● Required action: Would you please repeat exactly the entries below, starting at the line with "Vista 7 de CHEFMAN" and ending at the line with "Columbia Minx Mid", and nothing outside that range? Leave out the pictures.

● Records shown:
[Start of Attachment]
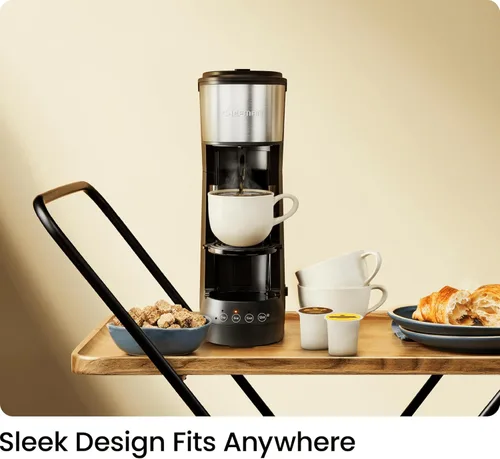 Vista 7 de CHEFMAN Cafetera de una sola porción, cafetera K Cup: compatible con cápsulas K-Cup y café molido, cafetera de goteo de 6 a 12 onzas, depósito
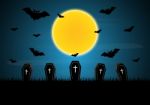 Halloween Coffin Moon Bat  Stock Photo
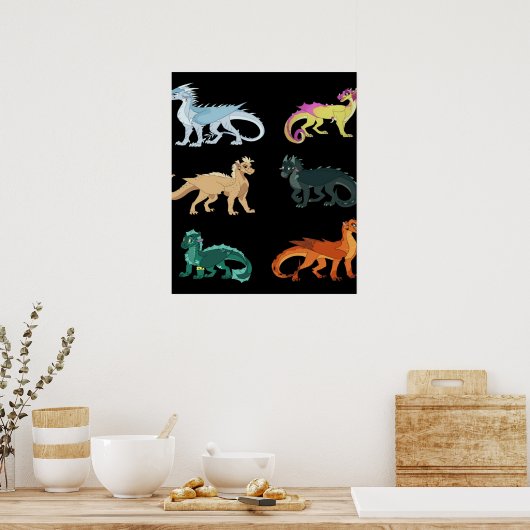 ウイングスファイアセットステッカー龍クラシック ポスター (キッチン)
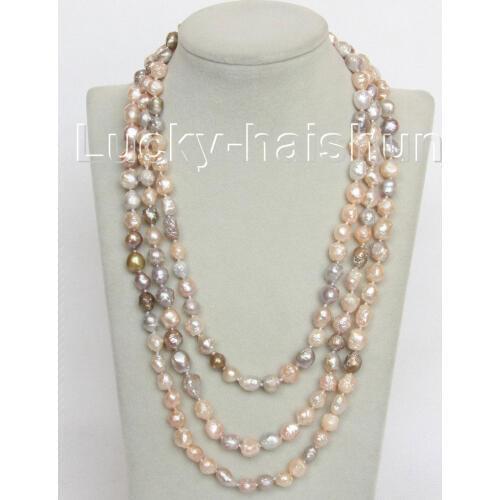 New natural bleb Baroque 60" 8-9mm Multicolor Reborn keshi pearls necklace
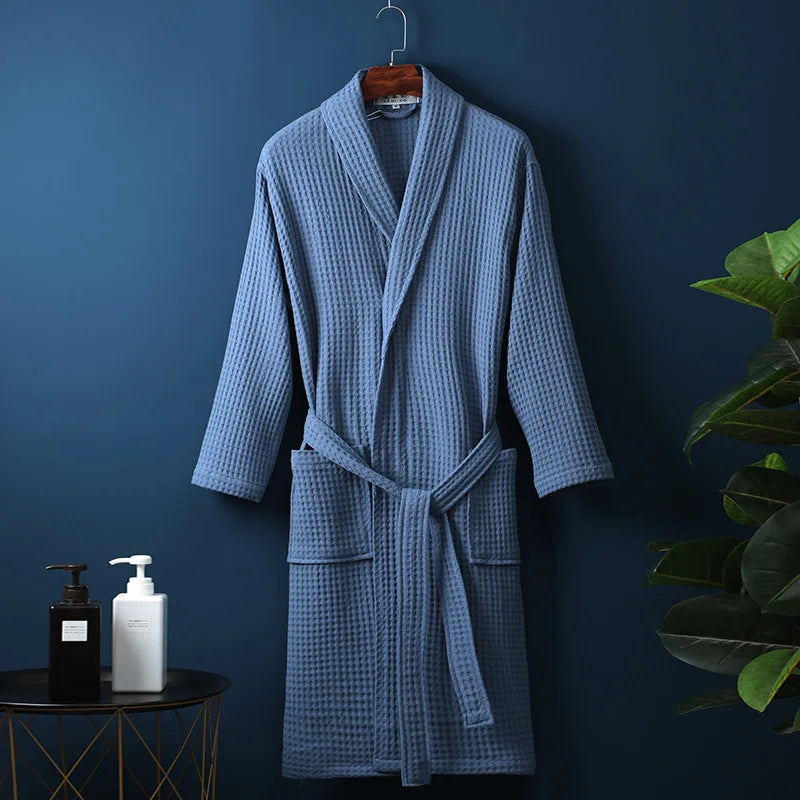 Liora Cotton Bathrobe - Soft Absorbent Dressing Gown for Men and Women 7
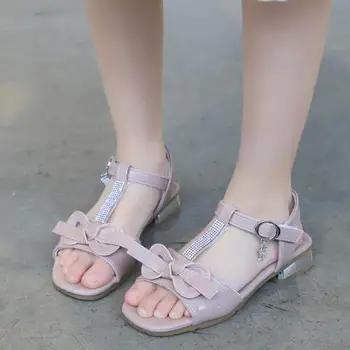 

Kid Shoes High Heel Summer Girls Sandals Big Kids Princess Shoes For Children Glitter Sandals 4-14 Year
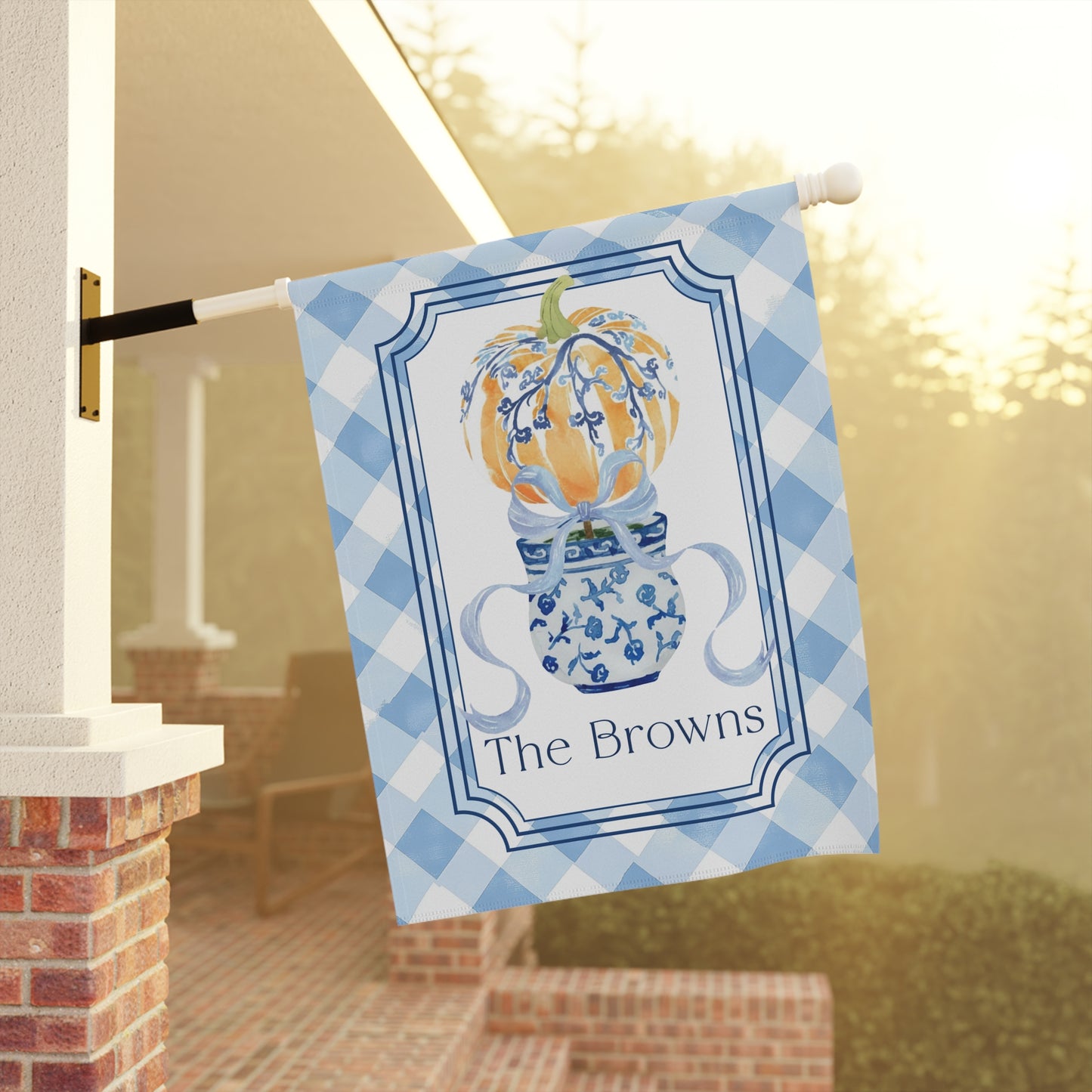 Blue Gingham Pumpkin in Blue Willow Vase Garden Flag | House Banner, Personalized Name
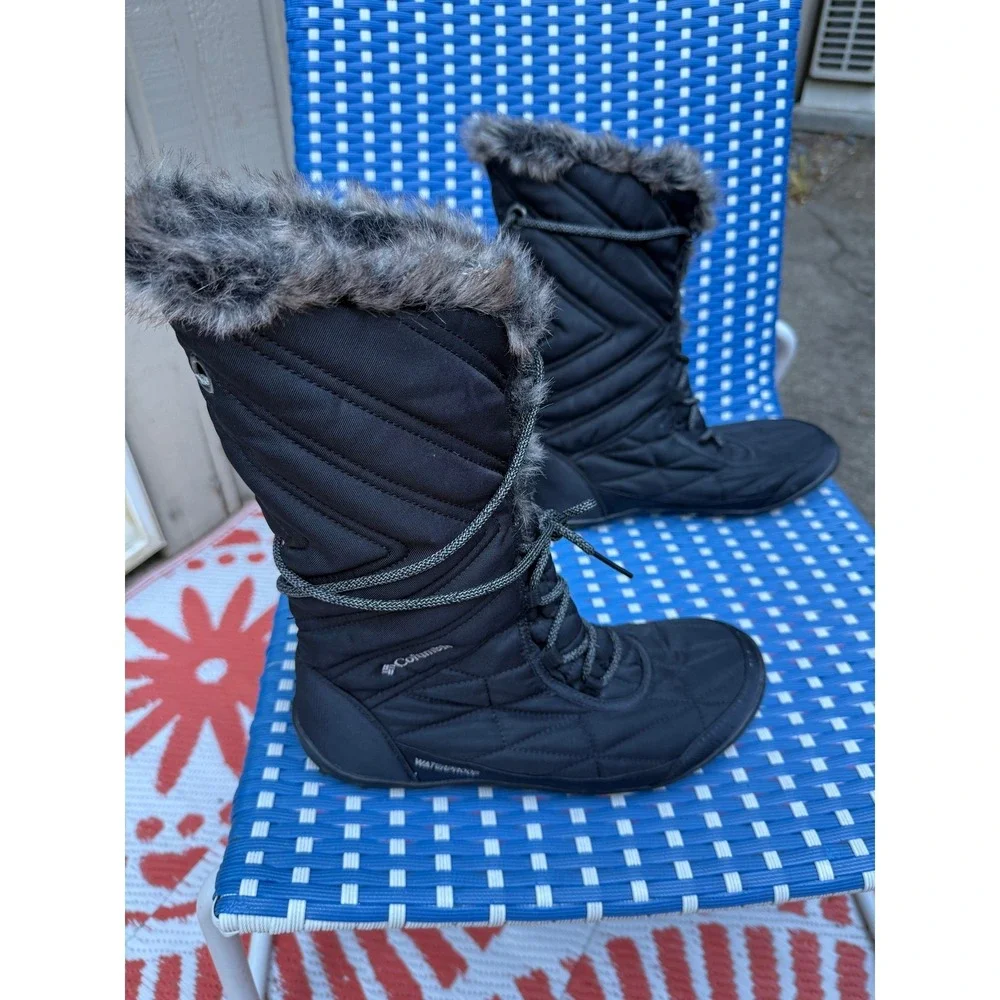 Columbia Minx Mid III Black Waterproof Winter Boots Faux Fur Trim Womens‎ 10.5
[End of Attachment]
[Start of Attachment]
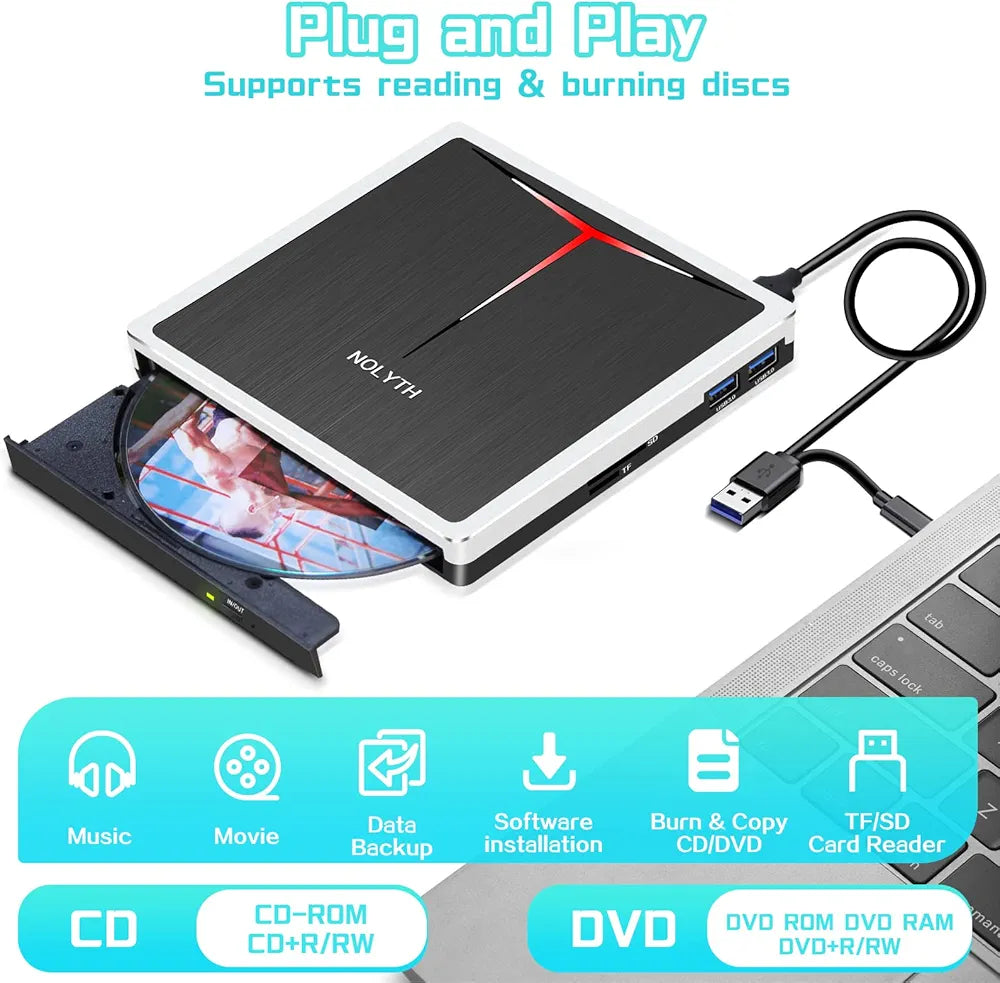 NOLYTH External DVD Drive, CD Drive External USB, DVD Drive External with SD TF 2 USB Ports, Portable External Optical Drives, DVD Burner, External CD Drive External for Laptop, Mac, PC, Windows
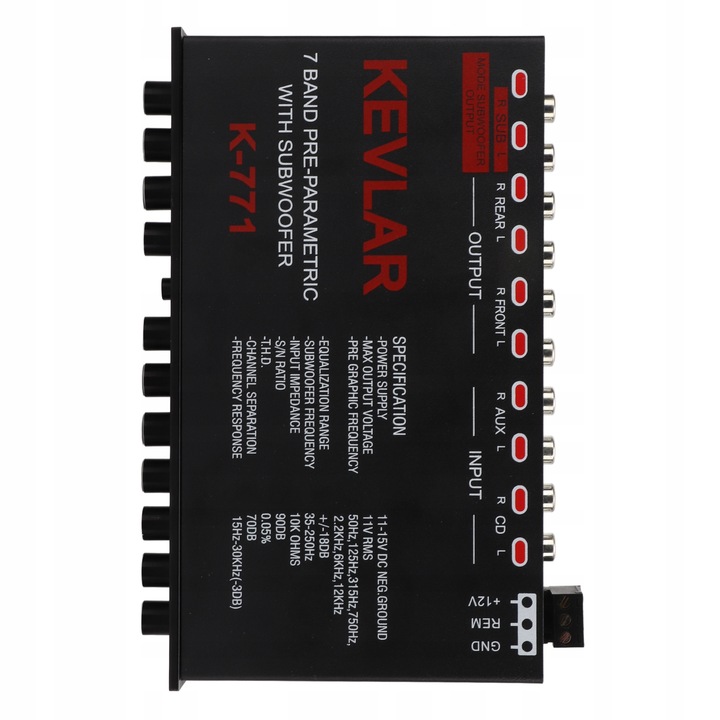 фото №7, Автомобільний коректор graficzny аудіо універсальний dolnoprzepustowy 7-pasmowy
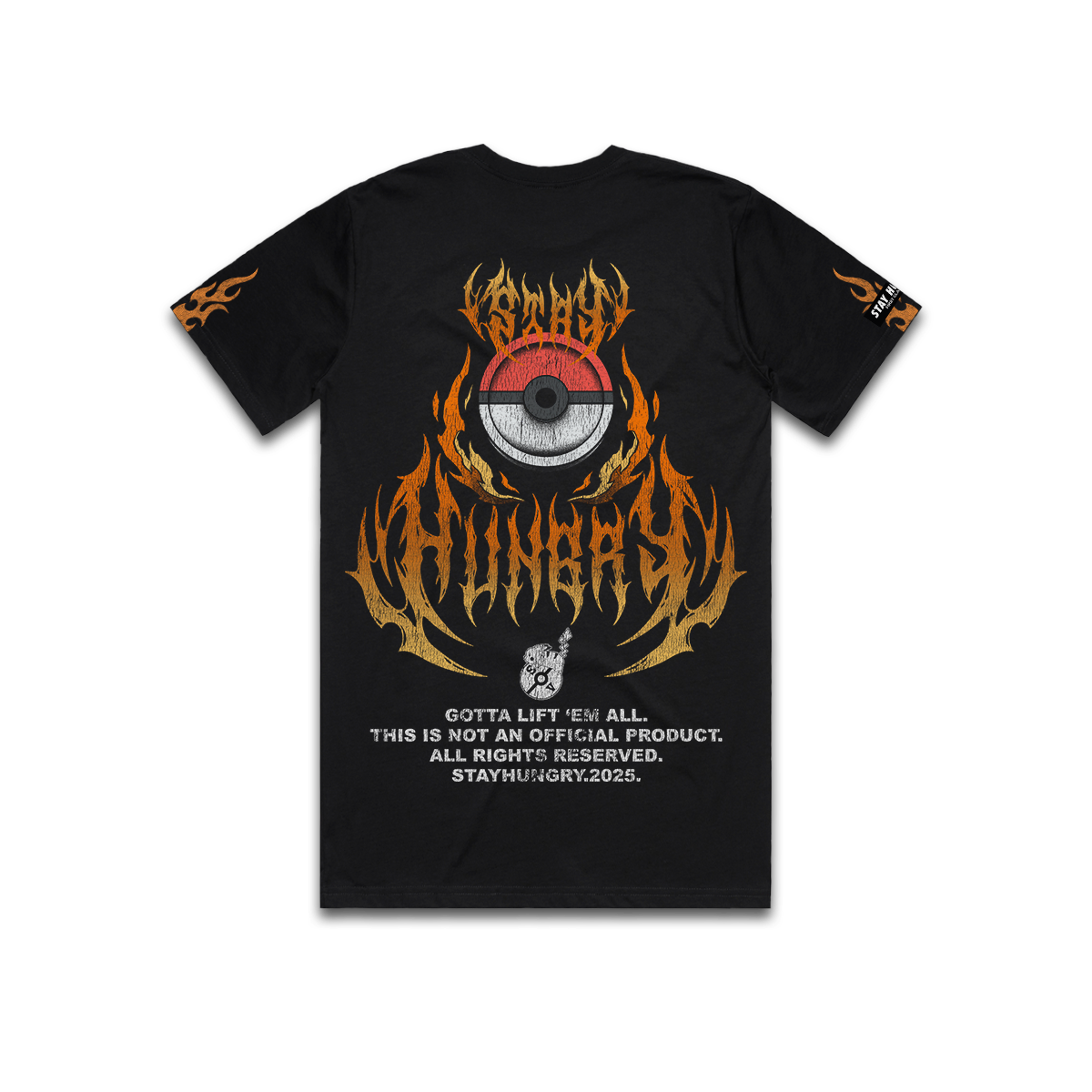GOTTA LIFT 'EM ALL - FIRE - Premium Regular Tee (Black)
[End of Attachment]
● Output of the exercise:
 Vista 7 de CHEFMAN Cafetera de una sola porción, cafetera K Cup: compatible con cápsulas K-Cup y café molido, cafetera de goteo de 6 a 12 onzas, depósito
 Halloween Coffin Moon Bat  Stock Photo
 ウイングスファイアセットステッカー龍クラシック ポスター (キッチン)
 New natural bleb Baroque 60" 8-9mm Multicolor Reborn keshi pearls necklace
 Liora Cotton Bathrobe - Soft Absorbent Dressing Gown for Men and Women 7

Kid Shoes High Heel Summer Girls Sandals Big Kids Princess Shoes For Children Glitter Sandals 4-14 Year
 Blue Gingham Pumpkin in Blue Willow Vase Garden Flag | House Banner, Personalized Name
 Columbia Minx Mid III Black Waterproof Winter Boots Faux Fur Trim Womens‎ 10.5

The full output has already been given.